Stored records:
=== Section Start ===
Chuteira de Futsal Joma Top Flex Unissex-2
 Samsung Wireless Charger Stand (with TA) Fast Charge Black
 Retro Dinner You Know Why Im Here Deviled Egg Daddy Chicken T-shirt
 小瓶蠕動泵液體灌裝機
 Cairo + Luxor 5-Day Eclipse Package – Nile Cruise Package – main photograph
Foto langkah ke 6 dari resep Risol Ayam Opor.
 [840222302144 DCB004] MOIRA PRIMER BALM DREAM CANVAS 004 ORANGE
=== Section End ===
# [PROBLEM REQUIREMENTS]
Letter for letter, copy all of the entries above.

# [ANSWER BELOW]
Chuteira de Futsal Joma Top Flex Unissex-2
 Samsung Wireless Charger Stand (with TA) Fast Charge Black
 Retro Dinner You Know Why Im Here Deviled Egg Daddy Chicken T-shirt
 小瓶蠕動泵液體灌裝機
 Cairo + Luxor 5-Day Eclipse Package – Nile Cruise Package – main photograph
Foto langkah ke 6 dari resep Risol Ayam Opor.
 [840222302144 DCB004] MOIRA PRIMER BALM DREAM CANVAS 004 ORANGE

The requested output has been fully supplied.